D’autre part, l’exigence tenant à la date de réception apparaissait isolée. Le juge judiciaire prend en compte la date d’envoi depuis les années 1990, et l’article L. 112-1 du Code des relations entre le public et l’administration N° Lexbase : L1771KNW l’impose désormais pour toutes les demandes encadrées par un délai. Le contentieux administratif était donc le seul à maintenir une exception, alors même que cette règle devenait difficilement justifiable à l’aune du droit au recours effectif.

Certes, cette évolution pourrait soulever des inquiétudes du côté des autorités administratives et des bénéficiaires d’actes administratifs. Prendre en compte la date d’envoi d’un recours empêche de considérer, avec certitude, qu’une décision est purgée de tout recours dès l’expiration du délai contentieux, dans la mesure où un recours gracieux envoyé à temps pourrait n’être reçu que plusieurs jours plus tard.

Néanmoins, cette insécurité n’est pas nouvelle.
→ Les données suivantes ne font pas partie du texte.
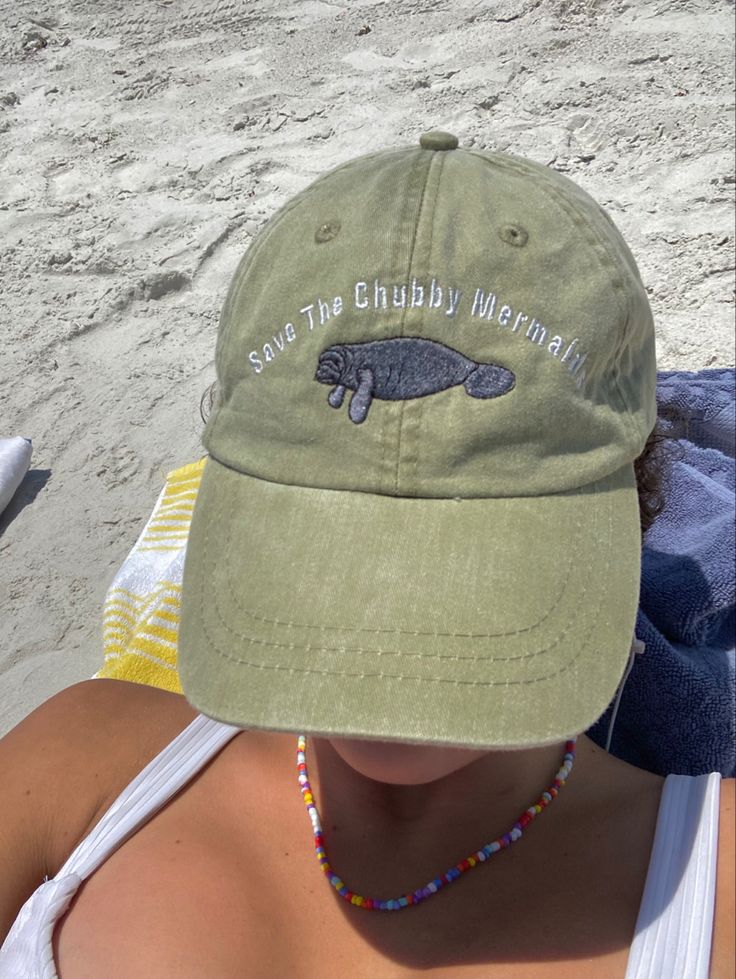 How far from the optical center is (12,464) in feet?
6.92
L’assouplissement admis pour les recours expédiés « en temps utile » et « selon les délais normaux d’acheminement » permettait déjà de retenir comme interruptif un recours parvenu tardivement à son destinataire. Le maintien de la date de réception ne garantissait donc pas, en pratique, une sécurité juridique pleine et entière.

Il convient enfin de noter que certaines procédures demeurent soumises à la date de réception. L’alinéa 2 de l’article L. 112-1 du CRPA vise ainsi les procédures d’attribution des contrats administratifs, dans lesquelles seule la réception dans les délais est retenue, notamment pour les offres. Sont également concernées les demandes exigeant la présence physique du demandeur, ou encore certaines réclamations contractuelles : par exemple, un mémoire en réclamation doit être « transmis » au cocontractant dans un délai déterminé, ce qui implique de se référer à la date de réception.

La décision du Conseil d’État parachève donc un mouvement jurisprudentiel amorcé dès 2024. Elle garantit un meilleur accès au juge, renforce l’égalité des justiciables face aux délais, et clarifie les règles applicables, dans une logique de prévisibilité du droit et d’effectivité des voies de recours.

 

[1] CE, 27 mars 1991, n° 114854 N° Lexbase : A9862AQC.

[2] CRPA, art. L. 112-1.

[3] CE, 21 mars 2003, n° 240511 N° Lexbase : A711774D.

[4] CE, 2 mars 2011, n° 331907 N° Lexbase : A1888G9S.

[5] CEDH, 21 novembre 2024, Req. 78664/17 N° Lexbase : A91946ID.

[6] CE, 13 mai 2024, n° 466541 N° Lexbase : A35805B9.

[7] CE, 15 octobre 2014, n° 368927 N° Lexbase : A6688MYD.

[8] Conclusions T. Janicot sous décision commentée.